DATA FOR REVIEW START

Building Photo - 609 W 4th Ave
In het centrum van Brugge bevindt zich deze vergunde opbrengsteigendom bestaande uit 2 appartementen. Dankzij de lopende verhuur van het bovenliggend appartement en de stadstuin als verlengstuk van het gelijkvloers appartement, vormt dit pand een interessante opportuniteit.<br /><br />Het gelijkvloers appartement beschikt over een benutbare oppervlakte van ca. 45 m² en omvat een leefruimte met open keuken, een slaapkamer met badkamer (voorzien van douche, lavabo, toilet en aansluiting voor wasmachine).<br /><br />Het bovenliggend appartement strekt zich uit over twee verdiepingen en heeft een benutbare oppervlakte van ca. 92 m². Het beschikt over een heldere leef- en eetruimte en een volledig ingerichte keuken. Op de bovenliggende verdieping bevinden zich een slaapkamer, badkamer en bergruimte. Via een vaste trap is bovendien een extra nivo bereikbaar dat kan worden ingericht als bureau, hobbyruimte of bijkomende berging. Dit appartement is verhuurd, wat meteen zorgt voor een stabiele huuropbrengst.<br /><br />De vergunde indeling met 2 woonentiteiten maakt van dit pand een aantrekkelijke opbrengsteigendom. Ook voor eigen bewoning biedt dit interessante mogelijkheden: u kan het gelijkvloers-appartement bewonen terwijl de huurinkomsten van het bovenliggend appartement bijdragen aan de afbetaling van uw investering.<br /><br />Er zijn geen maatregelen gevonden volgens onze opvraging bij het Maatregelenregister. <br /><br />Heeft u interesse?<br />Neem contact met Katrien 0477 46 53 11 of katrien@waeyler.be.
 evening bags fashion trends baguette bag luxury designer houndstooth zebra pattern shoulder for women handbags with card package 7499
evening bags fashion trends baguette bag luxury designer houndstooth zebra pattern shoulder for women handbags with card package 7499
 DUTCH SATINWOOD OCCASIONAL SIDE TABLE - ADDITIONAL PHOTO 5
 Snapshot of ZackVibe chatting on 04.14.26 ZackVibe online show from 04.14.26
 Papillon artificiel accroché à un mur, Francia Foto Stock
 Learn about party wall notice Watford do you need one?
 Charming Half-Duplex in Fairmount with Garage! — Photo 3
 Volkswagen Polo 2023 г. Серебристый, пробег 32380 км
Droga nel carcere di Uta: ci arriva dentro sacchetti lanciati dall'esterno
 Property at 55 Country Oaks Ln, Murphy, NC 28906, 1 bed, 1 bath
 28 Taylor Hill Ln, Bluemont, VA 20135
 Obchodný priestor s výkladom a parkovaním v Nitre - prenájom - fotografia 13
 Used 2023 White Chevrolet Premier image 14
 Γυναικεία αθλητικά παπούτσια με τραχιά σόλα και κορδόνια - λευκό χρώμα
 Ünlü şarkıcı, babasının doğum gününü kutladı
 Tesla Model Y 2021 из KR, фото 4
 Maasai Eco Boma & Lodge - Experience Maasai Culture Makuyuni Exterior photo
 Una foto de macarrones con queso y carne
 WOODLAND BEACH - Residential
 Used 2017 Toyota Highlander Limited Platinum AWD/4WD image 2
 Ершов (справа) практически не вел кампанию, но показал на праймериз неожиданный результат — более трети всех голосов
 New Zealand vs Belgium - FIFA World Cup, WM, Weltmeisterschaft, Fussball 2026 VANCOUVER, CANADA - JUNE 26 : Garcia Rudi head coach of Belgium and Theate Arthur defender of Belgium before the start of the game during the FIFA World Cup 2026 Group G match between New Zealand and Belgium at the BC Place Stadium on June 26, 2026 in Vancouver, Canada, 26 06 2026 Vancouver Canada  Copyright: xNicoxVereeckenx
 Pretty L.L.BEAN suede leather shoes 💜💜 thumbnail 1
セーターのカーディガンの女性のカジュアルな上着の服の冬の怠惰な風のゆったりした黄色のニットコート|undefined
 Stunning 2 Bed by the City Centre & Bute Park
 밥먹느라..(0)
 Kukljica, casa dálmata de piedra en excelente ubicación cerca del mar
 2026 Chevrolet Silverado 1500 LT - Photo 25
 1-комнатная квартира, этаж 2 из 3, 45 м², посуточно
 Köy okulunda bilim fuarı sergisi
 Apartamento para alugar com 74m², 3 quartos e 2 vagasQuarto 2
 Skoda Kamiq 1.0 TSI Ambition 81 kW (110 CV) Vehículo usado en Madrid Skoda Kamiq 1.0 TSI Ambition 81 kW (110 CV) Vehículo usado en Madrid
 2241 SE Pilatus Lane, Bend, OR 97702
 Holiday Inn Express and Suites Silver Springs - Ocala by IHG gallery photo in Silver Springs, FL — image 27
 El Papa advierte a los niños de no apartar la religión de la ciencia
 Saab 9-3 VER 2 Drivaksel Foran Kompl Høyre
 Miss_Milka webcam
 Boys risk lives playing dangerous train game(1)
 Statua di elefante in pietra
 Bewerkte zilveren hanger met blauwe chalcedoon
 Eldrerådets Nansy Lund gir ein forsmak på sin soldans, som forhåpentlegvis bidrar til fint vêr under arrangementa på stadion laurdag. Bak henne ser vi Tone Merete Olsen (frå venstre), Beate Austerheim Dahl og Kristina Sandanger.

DATA FOR REVIEW END

WHAT IS NEEDED: Reproduce word for word the material above, beginning with the line that contains "Kukljica, casa dálmata" and ending with the line that contains "Apartamento para alugar".

REPLY:
 Kukljica, casa dálmata de piedra en excelente ubicación cerca del mar
 2026 Chevrolet Silverado 1500 LT - Photo 25
 1-комнатная квартира, этаж 2 из 3, 45 м², посуточно
 Köy okulunda bilim fuarı sergisi
 Apartamento para alugar com 74m², 3 quartos e 2 vagasQuarto 2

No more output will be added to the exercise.